In der Lackiererei werden mit Spritzpistolen Stahlkonstruktionen elektrostatisch mit Farbe beschichtet. Wie auf einem Drehspiess ist heute ein knallroter Kranturm eingespannt. «Der Grill», auf dem grosse Werkstücke gedreht werden können, ist eine Eigenkonstruktion.
1998 entschloss man sich für eine neue Baureihe von Kränen mit längeren Auslegern, da die Baustellen immer grösser wurden. «Ein hauseigener Monteur regte an, die Kranausleger, deren Verlängerung man bereits auf 55 m geplant hatte, noch auf 60 m zu erweitern», sagt Mike Bachmann. Zusehends sei modulares Bauen mit Fertigteilen ein Trend in der Baubranche, immer grössere und schwerere Teile, ganze Wohneinheiten gilt es zu bewegen. Gerade wenn bei grossen Kränen nicht die ganze Auslegerlänge verwendet wird, kann man ungleich höhere Lasten daran hängen. Mittlerweile sind die Ausleger 80 Meter lang.

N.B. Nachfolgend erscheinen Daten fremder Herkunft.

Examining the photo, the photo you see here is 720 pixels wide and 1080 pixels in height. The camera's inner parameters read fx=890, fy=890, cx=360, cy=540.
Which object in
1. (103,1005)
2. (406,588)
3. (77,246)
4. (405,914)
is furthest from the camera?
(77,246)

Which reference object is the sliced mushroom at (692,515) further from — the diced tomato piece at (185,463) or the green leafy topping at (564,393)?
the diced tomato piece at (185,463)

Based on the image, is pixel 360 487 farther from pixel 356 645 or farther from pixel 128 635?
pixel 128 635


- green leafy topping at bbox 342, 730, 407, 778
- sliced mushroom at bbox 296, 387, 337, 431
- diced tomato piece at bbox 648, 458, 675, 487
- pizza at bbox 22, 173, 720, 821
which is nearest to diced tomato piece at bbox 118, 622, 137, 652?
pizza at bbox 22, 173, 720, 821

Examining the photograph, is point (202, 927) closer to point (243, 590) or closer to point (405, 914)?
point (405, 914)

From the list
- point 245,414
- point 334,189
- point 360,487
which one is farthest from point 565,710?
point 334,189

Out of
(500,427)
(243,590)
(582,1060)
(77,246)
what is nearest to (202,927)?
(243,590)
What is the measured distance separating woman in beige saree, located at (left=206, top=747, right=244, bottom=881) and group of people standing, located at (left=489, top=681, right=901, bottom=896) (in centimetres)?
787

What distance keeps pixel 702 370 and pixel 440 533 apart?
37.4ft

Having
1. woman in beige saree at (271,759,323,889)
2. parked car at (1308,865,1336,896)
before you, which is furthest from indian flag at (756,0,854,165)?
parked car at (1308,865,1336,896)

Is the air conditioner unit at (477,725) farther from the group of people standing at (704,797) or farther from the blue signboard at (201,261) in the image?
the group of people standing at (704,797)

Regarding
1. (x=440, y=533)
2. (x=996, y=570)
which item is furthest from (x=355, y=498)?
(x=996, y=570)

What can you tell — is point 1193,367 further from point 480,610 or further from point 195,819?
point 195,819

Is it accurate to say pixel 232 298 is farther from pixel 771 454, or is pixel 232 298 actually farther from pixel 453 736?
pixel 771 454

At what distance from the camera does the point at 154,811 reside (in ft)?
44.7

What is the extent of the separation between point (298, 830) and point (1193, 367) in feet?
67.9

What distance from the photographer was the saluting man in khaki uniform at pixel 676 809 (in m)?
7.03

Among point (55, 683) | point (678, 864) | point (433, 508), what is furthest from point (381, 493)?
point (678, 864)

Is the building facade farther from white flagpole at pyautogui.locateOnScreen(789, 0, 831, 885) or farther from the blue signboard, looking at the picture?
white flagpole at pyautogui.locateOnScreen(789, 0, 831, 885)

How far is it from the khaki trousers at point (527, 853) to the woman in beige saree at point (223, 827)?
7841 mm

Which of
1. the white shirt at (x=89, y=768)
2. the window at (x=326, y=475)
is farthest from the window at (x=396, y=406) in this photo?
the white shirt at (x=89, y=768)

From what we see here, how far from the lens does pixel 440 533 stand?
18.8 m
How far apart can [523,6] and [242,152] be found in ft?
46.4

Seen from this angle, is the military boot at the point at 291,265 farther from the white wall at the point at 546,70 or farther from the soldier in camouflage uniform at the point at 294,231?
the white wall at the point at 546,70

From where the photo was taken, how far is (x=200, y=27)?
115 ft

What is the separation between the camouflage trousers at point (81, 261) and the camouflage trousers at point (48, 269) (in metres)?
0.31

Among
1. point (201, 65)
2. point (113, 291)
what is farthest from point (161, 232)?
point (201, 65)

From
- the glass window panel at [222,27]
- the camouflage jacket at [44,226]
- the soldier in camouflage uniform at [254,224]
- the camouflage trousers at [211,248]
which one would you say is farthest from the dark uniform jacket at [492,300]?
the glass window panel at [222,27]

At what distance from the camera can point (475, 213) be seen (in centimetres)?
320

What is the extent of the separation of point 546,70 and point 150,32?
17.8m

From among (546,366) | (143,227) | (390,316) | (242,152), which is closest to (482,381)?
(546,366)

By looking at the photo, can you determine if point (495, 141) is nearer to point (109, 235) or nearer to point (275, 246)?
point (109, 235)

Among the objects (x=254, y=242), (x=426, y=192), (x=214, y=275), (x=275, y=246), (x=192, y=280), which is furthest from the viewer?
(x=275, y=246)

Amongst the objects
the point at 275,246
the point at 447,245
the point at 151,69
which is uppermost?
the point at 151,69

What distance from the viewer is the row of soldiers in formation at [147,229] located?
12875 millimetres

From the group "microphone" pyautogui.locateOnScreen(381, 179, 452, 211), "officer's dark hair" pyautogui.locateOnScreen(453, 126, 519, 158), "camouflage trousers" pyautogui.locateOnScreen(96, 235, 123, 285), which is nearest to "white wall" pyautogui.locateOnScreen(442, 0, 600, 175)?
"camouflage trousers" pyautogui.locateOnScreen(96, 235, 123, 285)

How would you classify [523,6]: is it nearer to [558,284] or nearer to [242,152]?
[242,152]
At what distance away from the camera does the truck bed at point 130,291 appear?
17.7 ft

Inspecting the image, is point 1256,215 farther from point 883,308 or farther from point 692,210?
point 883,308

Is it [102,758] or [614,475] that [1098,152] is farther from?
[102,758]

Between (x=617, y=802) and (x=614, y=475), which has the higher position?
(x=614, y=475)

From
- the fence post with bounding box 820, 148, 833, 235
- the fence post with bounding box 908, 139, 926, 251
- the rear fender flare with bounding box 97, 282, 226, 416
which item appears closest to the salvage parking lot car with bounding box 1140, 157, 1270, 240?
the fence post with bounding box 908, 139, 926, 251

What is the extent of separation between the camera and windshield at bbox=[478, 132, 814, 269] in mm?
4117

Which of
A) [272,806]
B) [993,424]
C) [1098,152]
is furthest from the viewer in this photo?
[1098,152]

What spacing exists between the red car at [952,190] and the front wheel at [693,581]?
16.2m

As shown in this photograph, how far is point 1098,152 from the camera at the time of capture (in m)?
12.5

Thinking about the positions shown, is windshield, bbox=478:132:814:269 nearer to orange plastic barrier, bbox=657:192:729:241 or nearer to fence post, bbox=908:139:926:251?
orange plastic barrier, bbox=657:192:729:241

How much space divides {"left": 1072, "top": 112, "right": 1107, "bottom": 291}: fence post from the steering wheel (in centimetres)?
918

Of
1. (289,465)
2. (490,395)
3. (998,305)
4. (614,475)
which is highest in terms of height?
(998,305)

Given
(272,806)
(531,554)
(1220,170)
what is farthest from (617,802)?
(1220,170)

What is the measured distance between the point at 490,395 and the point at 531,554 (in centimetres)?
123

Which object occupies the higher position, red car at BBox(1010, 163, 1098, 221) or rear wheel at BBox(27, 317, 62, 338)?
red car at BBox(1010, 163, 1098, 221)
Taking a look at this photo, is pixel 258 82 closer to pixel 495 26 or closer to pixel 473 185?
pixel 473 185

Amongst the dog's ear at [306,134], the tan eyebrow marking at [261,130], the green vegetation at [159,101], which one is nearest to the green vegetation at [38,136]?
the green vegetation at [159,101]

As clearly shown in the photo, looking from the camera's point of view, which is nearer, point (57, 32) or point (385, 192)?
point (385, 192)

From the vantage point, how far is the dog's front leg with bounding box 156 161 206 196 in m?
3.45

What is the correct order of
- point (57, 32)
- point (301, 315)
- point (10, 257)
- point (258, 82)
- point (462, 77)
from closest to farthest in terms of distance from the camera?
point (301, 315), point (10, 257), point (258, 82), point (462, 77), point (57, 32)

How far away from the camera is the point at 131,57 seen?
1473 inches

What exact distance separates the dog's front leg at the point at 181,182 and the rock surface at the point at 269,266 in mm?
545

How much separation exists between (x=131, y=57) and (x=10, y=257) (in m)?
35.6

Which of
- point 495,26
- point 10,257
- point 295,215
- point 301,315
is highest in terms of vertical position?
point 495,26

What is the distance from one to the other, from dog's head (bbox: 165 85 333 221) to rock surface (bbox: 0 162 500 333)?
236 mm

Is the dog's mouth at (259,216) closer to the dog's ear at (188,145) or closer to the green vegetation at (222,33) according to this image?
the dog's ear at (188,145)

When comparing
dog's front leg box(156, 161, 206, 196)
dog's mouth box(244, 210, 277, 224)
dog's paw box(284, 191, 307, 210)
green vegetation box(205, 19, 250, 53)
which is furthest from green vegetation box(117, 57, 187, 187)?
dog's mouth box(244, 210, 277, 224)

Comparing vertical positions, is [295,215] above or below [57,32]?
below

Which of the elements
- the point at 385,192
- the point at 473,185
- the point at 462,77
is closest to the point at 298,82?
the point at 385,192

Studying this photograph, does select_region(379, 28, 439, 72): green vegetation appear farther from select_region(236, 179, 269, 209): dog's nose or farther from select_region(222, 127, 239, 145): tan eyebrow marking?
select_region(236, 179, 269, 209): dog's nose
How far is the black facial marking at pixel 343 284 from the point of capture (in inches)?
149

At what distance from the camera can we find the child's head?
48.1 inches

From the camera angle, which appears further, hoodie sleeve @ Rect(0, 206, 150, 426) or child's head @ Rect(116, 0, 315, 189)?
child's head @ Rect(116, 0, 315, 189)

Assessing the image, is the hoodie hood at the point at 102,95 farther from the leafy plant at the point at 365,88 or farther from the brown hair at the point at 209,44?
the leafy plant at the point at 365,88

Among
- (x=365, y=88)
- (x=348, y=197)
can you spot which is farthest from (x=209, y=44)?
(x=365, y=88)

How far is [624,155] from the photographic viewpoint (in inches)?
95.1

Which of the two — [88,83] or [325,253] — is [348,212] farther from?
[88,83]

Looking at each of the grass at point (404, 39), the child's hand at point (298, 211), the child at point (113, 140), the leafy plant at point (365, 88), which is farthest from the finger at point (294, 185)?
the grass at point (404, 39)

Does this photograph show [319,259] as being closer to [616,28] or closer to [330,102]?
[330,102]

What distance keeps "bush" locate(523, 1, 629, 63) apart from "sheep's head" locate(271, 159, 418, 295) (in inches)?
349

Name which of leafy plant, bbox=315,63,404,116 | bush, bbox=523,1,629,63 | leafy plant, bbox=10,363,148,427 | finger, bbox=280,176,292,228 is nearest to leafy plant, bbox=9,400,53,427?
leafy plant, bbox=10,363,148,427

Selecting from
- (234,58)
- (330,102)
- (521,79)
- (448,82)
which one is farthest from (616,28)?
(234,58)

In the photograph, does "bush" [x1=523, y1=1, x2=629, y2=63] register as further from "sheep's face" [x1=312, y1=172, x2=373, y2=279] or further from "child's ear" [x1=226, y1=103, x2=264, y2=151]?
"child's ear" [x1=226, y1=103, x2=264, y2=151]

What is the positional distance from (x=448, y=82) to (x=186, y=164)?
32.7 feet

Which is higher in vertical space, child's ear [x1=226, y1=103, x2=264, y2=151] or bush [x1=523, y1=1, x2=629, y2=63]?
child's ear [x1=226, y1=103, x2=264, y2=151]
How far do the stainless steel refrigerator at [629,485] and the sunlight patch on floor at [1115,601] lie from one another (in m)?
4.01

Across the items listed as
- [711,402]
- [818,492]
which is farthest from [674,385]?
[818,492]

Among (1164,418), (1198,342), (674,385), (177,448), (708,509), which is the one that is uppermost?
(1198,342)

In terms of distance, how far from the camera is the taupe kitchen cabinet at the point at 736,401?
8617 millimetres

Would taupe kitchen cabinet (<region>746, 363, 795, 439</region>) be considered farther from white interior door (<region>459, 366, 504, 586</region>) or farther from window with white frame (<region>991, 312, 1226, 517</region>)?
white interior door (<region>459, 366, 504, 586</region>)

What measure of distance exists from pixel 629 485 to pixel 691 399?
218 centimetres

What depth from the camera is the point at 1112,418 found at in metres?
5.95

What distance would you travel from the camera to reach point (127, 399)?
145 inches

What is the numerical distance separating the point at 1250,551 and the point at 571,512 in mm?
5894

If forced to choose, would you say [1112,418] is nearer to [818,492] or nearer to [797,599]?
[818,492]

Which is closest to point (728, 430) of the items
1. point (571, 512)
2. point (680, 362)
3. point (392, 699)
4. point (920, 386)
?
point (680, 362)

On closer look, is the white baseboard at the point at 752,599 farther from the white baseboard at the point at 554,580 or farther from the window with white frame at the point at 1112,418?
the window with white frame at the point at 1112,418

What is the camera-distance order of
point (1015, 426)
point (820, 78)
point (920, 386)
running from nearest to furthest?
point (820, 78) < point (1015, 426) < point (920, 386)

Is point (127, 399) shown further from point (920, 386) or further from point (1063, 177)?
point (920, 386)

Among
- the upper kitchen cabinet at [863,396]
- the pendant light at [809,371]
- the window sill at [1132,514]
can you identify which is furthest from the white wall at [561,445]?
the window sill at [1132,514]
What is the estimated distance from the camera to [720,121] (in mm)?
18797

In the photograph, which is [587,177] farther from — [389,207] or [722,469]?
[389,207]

Den letzten Kran lieferte man im Jahr 2021 aus. «Wenn wir heute einen Kran bauen würden», so Mike Bachmann, «bräuchte das ein bis anderthalb Jahre. Bei kontinuierlichem Bauen ginge es schneller. Es würde drei bis vier Monate dauern.» Sobald alle Teile hergestellt seien, sozusagen ab Lager verfügbar, benötige der Zusammenbau zwei Monate.
Momentan steht in der Firma einmal mehr die Lohnfertigung im Mittelpunkt. Man produziert vor allem Teile, die kurzfristig benötigt werden, zum Beispiel wenn unerwartet ein Kranportal gebraucht wird. In einer der Werkhallen lagern verschiedenste Ersatzteile, um Kunden schnell beliefern zu können. Sie werden laufend nachgefertigt.